Reproduce each line of the data exactly as it is.

EXTRACTED MATERIAL: Begin

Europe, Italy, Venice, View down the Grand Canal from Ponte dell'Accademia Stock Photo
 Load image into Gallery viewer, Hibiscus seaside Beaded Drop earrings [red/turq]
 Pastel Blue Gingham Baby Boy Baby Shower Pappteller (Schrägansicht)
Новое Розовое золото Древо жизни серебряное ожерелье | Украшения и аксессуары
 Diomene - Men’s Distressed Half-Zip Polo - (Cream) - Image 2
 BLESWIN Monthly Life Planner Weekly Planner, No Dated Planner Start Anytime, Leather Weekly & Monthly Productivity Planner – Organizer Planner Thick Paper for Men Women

EXTRACTED MATERIAL: End

ANSWER SECTION:
Europe, Italy, Venice, View down the Grand Canal from Ponte dell'Accademia Stock Photo
 Load image into Gallery viewer, Hibiscus seaside Beaded Drop earrings [red/turq]
 Pastel Blue Gingham Baby Boy Baby Shower Pappteller (Schrägansicht)
Новое Розовое золото Древо жизни серебряное ожерелье | Украшения и аксессуары
 Diomene - Men’s Distressed Half-Zip Polo - (Cream) - Image 2
 BLESWIN Monthly Life Planner Weekly Planner, No Dated Planner Start Anytime, Leather Weekly & Monthly Productivity Planner – Organizer Planner Thick Paper for Men Women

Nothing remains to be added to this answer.